Data supplied —

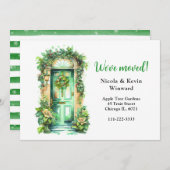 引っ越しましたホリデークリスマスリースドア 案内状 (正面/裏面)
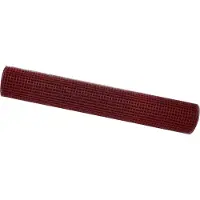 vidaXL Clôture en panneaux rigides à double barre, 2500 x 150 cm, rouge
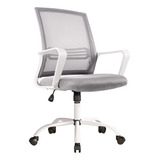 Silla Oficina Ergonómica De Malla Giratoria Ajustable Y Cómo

==

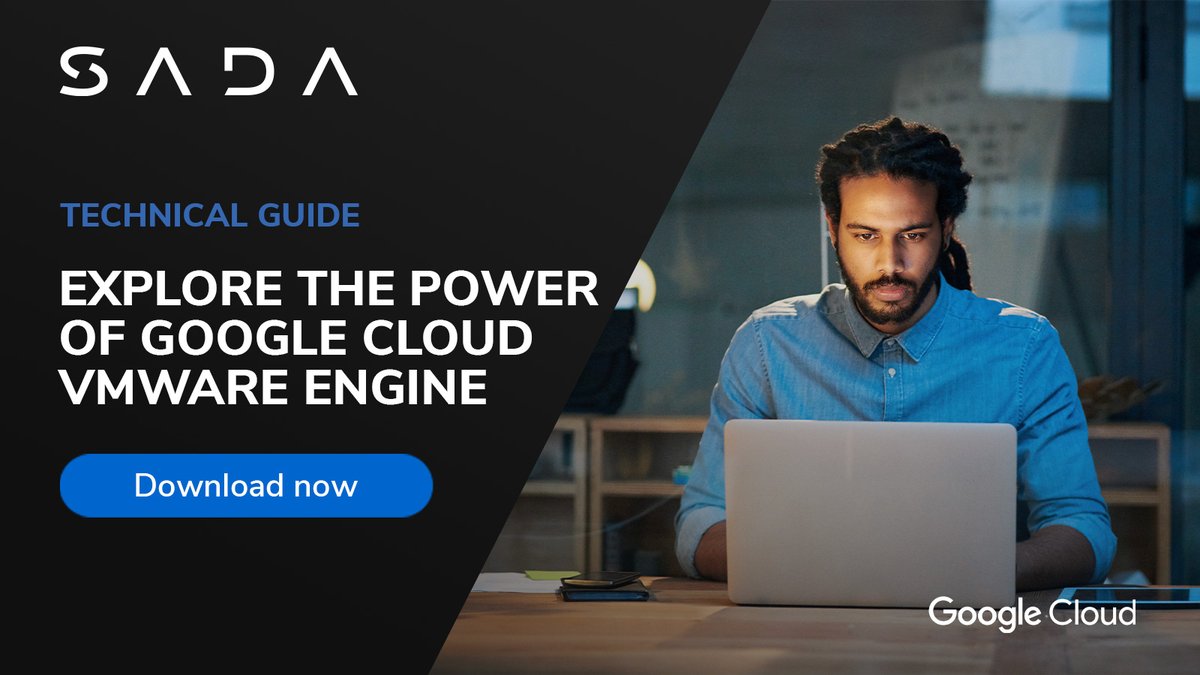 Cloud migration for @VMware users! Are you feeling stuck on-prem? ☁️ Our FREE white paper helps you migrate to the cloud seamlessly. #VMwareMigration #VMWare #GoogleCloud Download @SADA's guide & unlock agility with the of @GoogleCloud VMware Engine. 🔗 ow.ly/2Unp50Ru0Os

Work required — Those lines of the records above that run from the one containing "vidaXL Clôture en" through the one containing "Silla Oficina Ergonómica" should be returned exactly, with no pictures among them.

Solution for this task —
 vidaXL Clôture en panneaux rigides à double barre, 2500 x 150 cm, rouge
 Silla Oficina Ergonómica De Malla Giratoria Ajustable Y Cómo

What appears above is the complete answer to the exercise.